**INSTRUCTIONS TO FOLLOW**
Going line by line through the records below, write out everything starting with the line containing "non linearly separable" and going on through the line containing "1533778230898266.jpg 其中新疆销售437.0万吨。.jpg", exactly and inclusively. Pictures do not go in.

**RAW DATA**
[Start of section]

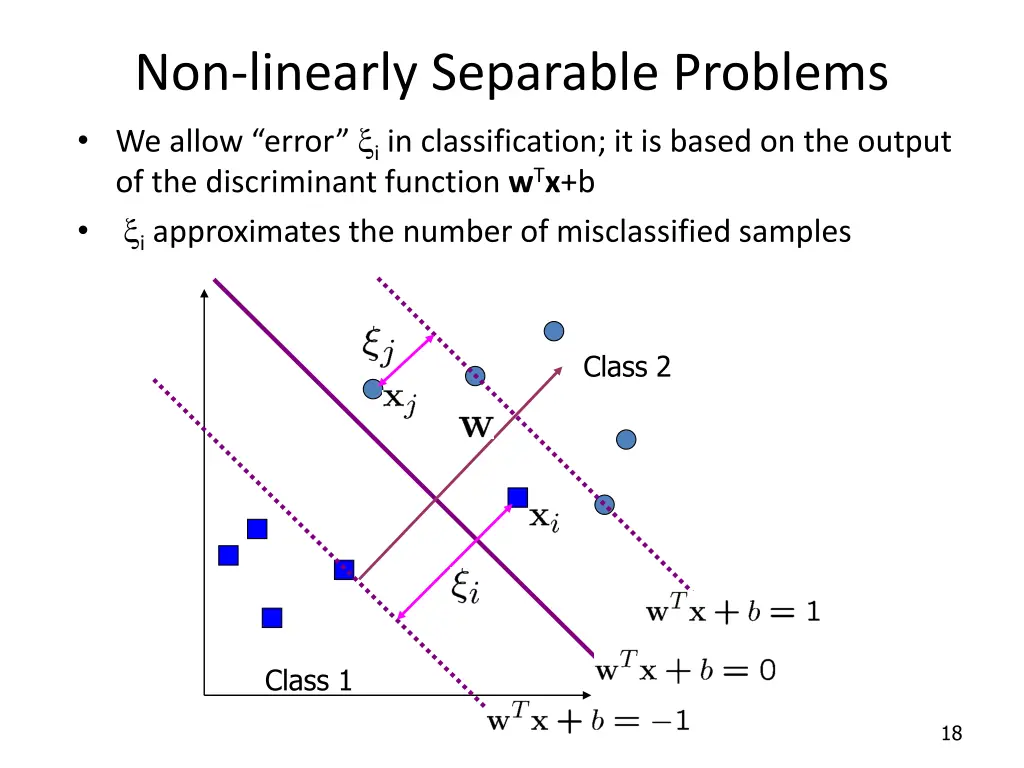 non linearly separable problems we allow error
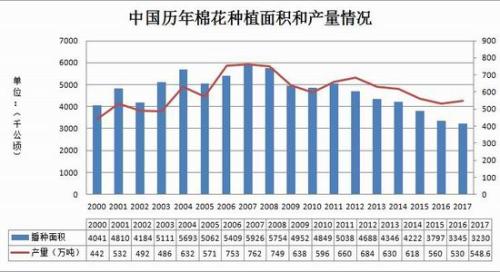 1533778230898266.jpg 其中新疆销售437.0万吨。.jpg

[End of section]
[Start of section]

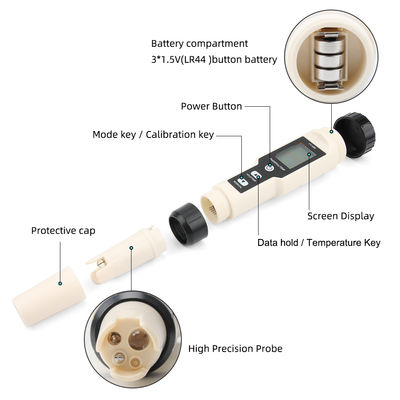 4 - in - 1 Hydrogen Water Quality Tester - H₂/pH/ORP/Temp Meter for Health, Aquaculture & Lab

[End of section]
[Start of section]

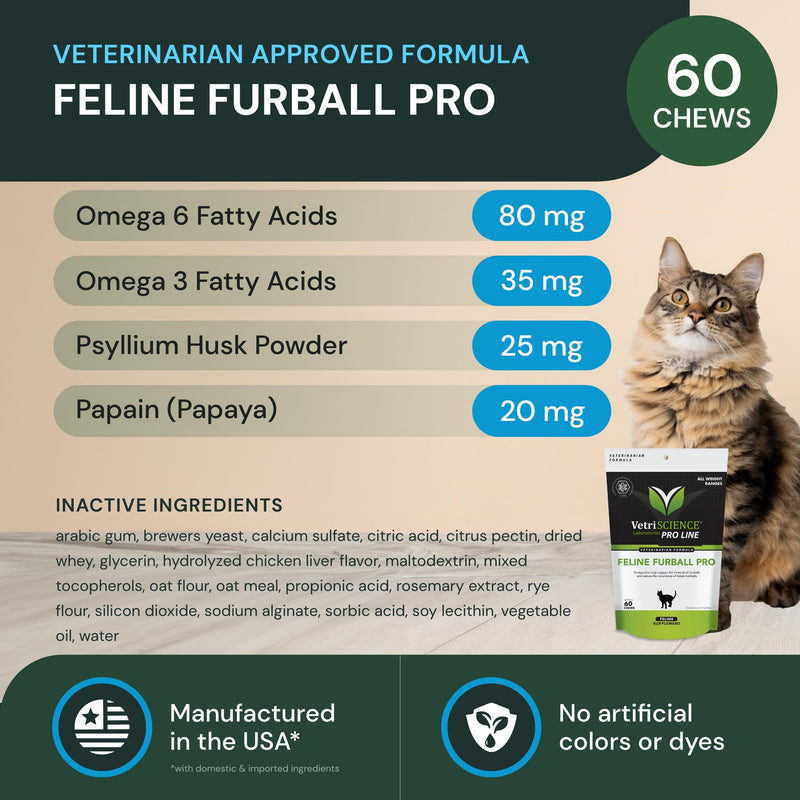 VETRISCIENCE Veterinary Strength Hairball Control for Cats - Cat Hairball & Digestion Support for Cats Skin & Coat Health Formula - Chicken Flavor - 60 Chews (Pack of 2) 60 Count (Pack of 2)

[End of section]

**FINAL ANSWER**
 non linearly separable problems we allow error
 1533778230898266.jpg 其中新疆销售437.0万吨。.jpg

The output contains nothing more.